Это подвиг – вот так себя понуждать на благодарность. Это подвиг – себя понуждать на радость. И это есть подвиг касания Христа, потому что мы даем возможность Богу войти в нашу жизнь по-настоящему, и увидеть, что Бога можно благодарить за все. И что с Богом не страшно, что Бог дает тебе возможность коснуться Его ран, и это для тебя оказывается так важно, что ты без этого не можешь жить.

Тогда ты идешь причащаться Святых Христовых Таин. И эта радость, благодать, и мир, которые получили апостолы, являются твоим внутренним содержанием. Потому что ты причастился воскресшего Христа, и Воскресение Христово тебя делает немного иным, пока незаметно. Но вдруг это Воскресение Христово в тебе начинает так распространяться, что и другой человек оказывается способным от тебя чем-то вот этим, воскресным, зажечься.

И постепенно понемножечку ты начинаешь свет Воскресения вокруг себя распространять, нести его всем, потому что это оказывается не твоим личным делом. Как и причастие – оказывается не твоим личным делом благочестия, а делом твоей жизни, делом твоей веры, делом твоего общения с Богом.

Тогда ты не просто говоришь «Христос Воскресе!» и яичко бьешь в ответ на другое яичко, а просто это вылетает из тебя, как главные слова твоей жизни. И уже ни Новый год, ни пост, и ничто тебя со Христом не разлучает, потому что ты всегда живешь этим и переживаешь горче всякого горя, когда вдруг Христос от тебя за что-то куда-то отступает, и меркнет этот воскресный свет.

Важно понять, что для нас Воскресение Христово, как мы к нему относимся. Хорошо бы, если бы относились, как апостол Фома. Я вспоминаю слова, которые читаются каждый год на Пасху, Евангелие от Иоанна, каждый раз вроде такой знакомый текст, такие знакомые евангельские слова о том, что «В начале было Слово, и Слово было у Бога, и Слово был Бог…». В этот раз мне как-то особенно пронзительно коснулись слова «И свет во тьме светит, и тьма его не объяла» (Ин. 1:5).

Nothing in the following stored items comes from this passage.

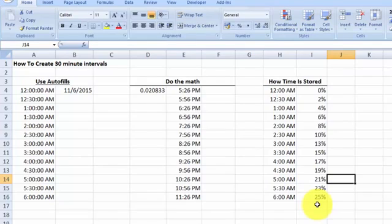You can also calculate the numeric equivalent of a specific time and use a formula. Lastly, you now know how time is stored in Excel as a decimal portion of one. I'll see you in the next video.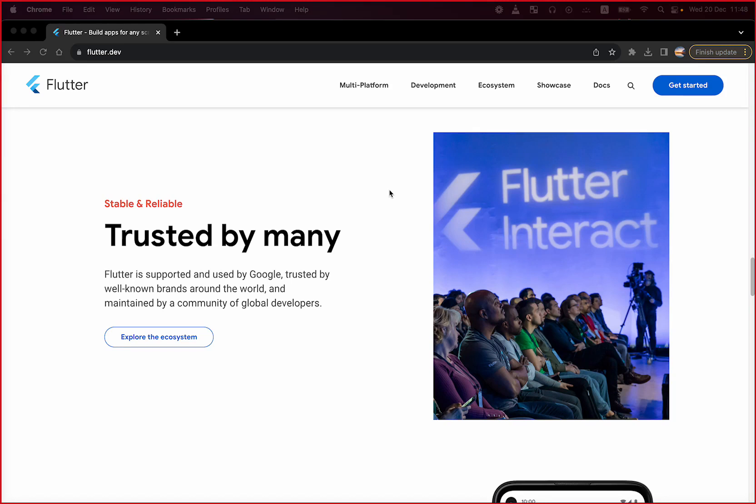Additionally, Flutter's capabilities for SEO in web applications are still evolving.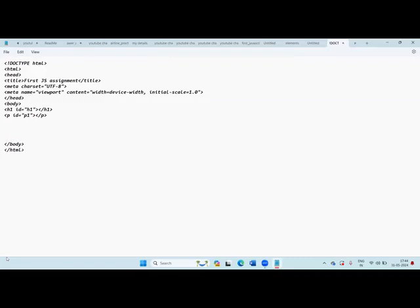Here I will write the JavaScript code. For that, we need to open a tag called `<script>` and close it with `</script>`. Our JavaScript code will go inside the script tag.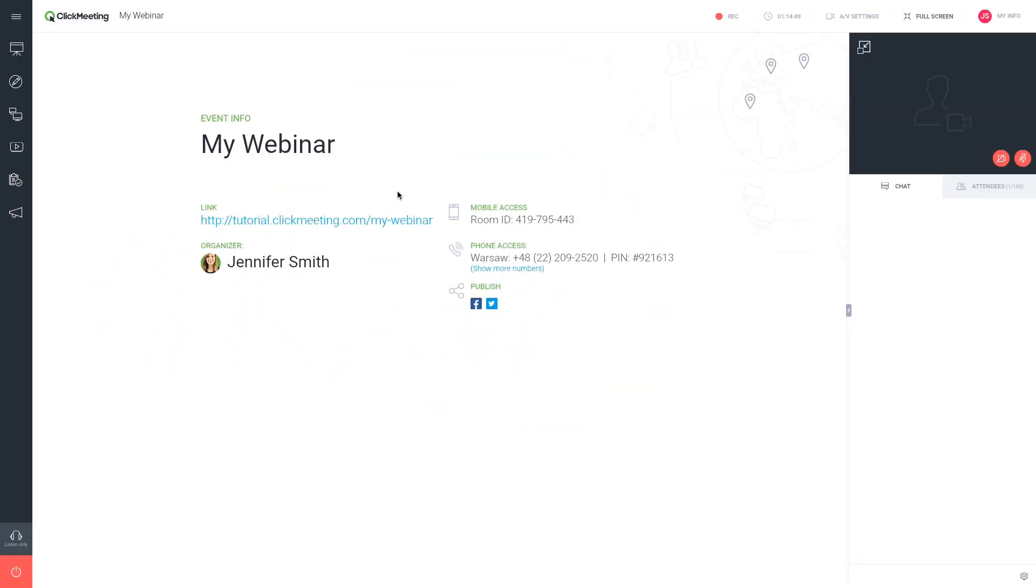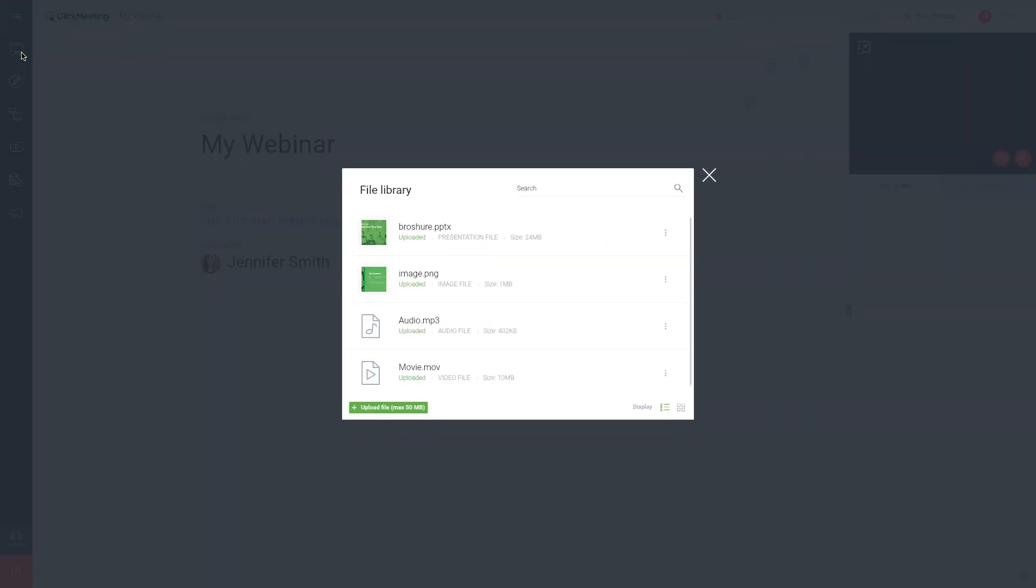To access this feature, click the presentation icon in the dashboard on the left side of your webinar room. Your file library will open up.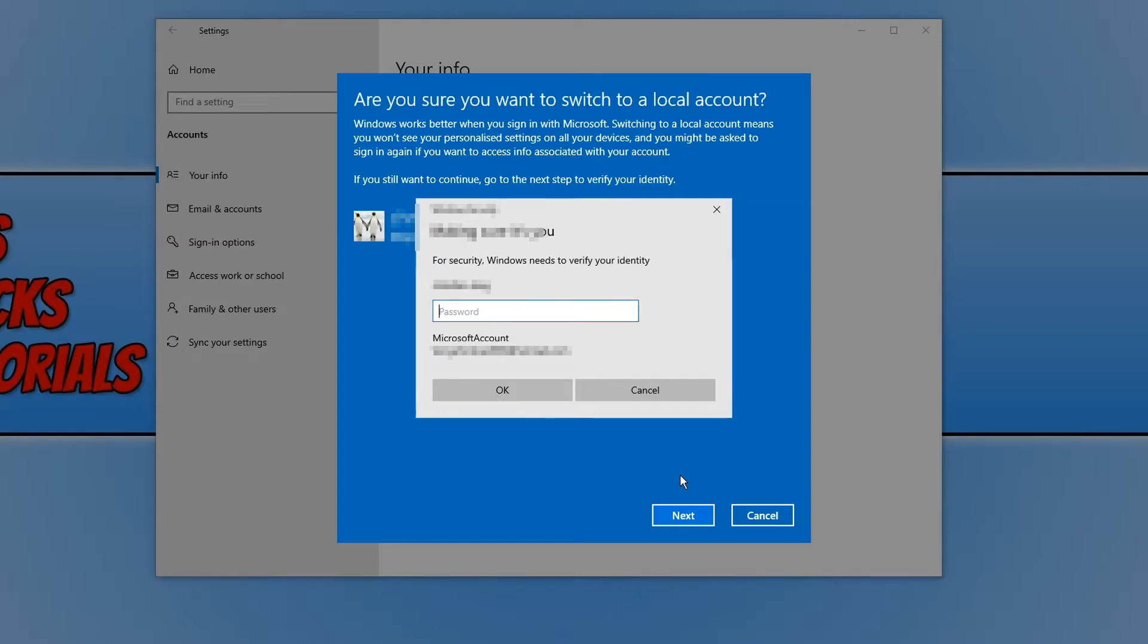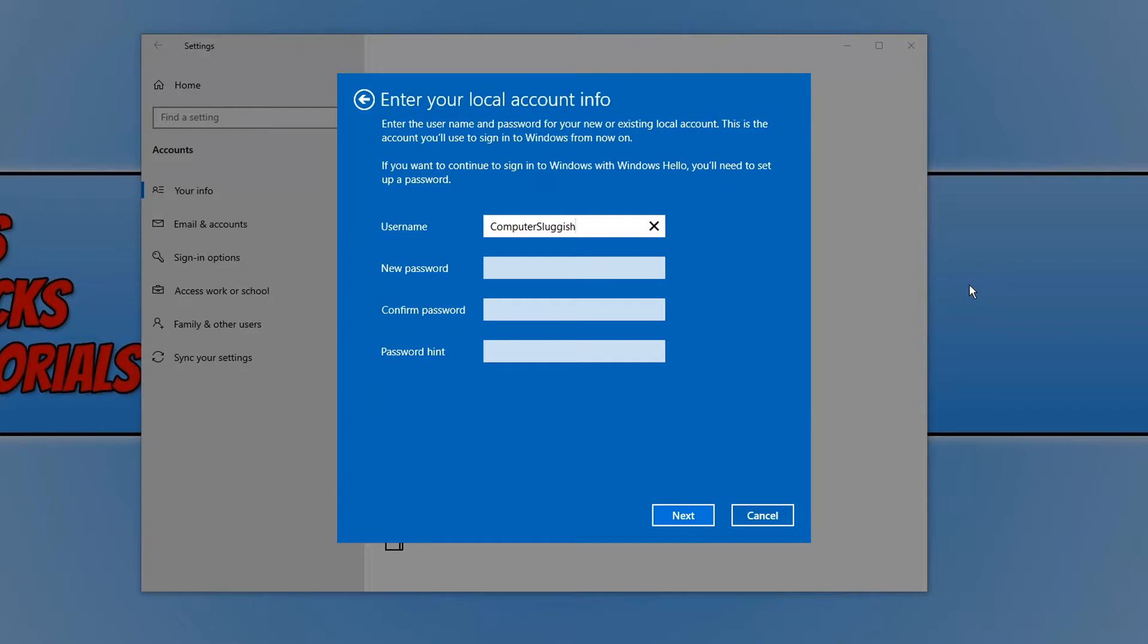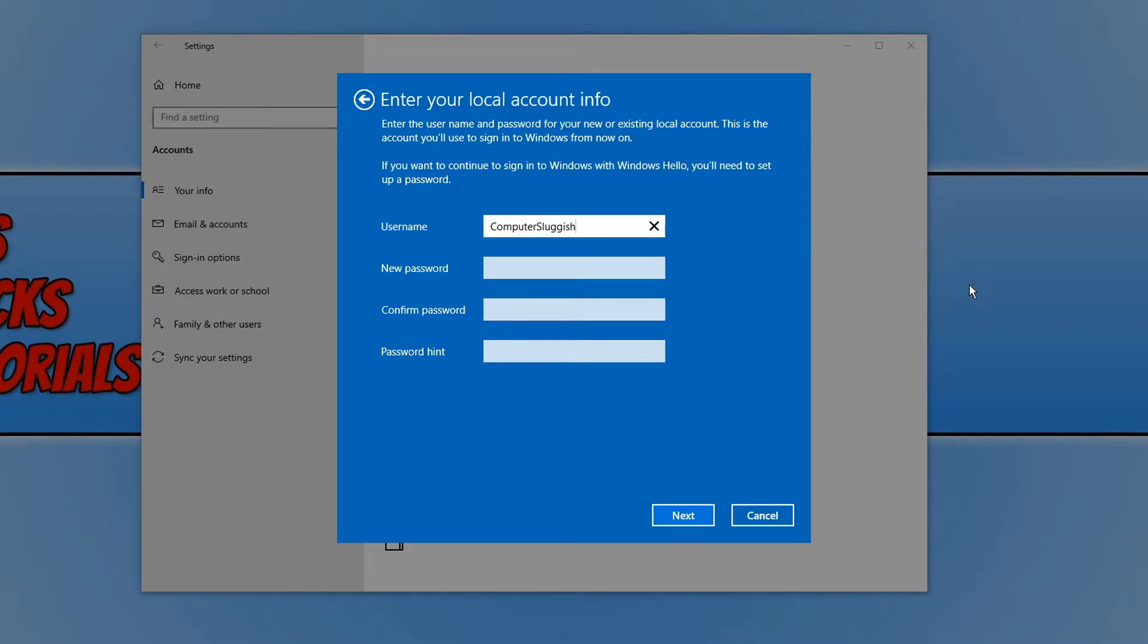I'm going to go ahead and do that now, and you now need to type in a username for the local user. As you can see, mine has already auto-filled a username. That's because this account originally used to be a local user, which means I can keep computer sluggish.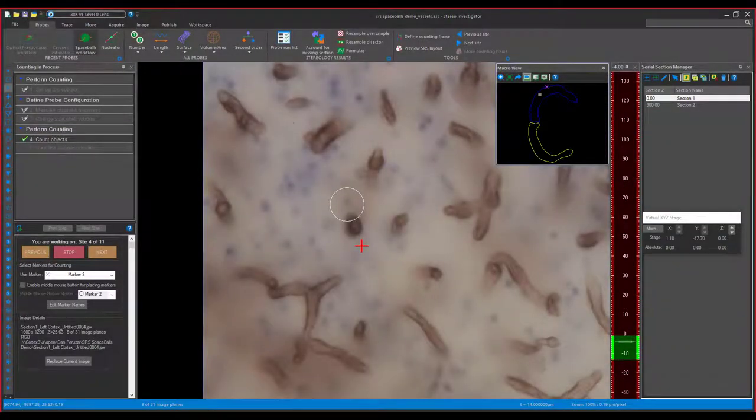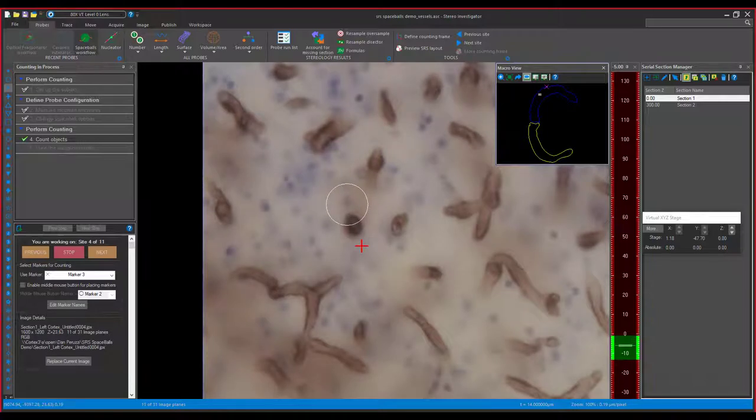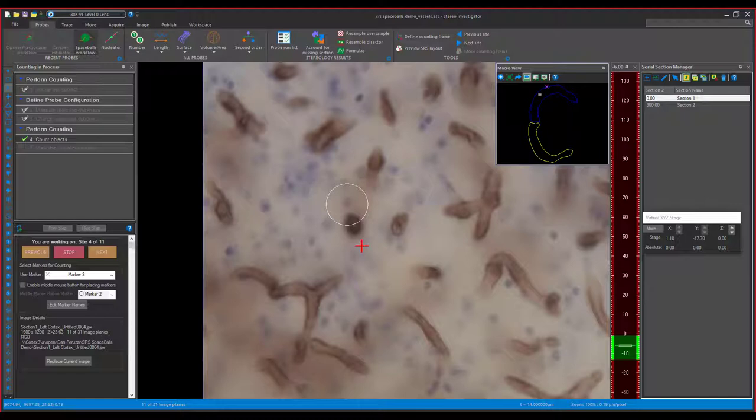And finally, we have Spaceballs. Spaceballs is a stereological probe used to estimate the total length and length density of fibers such as dendritic branches and capillaries in any region. It works by placing a marker when the middle of the dendritic branch or vessel touches or crosses the plane of the sphere or hemisphere.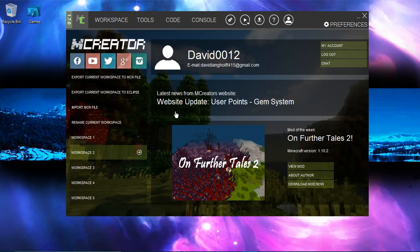What's up everyone, it's David Dempsey here and today I'm going to make another video about M-Creator.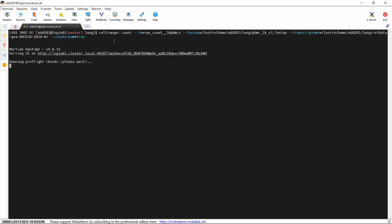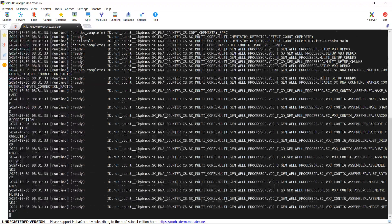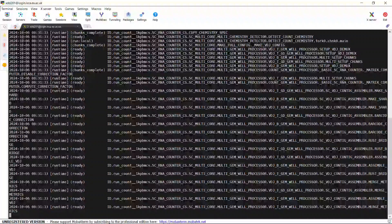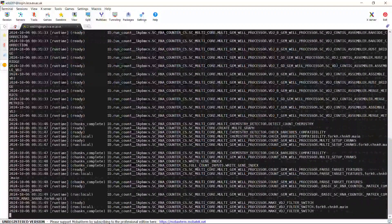Now we can run the code to perform the sequencing alignment. If we run, you can see the computer is running the Cell Ranger count function. I ran it before — it takes around 15 minutes for this dataset. We can wait until it is finished, then have a look at the files in the output folder.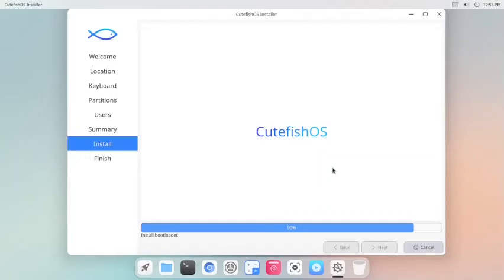8 minutes have passed since the start of installation. Bootloader is being installed.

Я совершенно неожиданно для себя вспомнил рассказ Виктора Драгунского про маленького мальчика, у которого в спичечной коробочке жил светлячок. Для этого мальчика этот светлячок был самой большой драгоценностью. Я тогда подумал, как было бы хорошо, что идем мы по улице, а навстречу нам идет какой-то другой человек, смотрит на нас и говорит: «Он живой и светится». Так называется этот рассказ Виктора Драгунского про светлячка.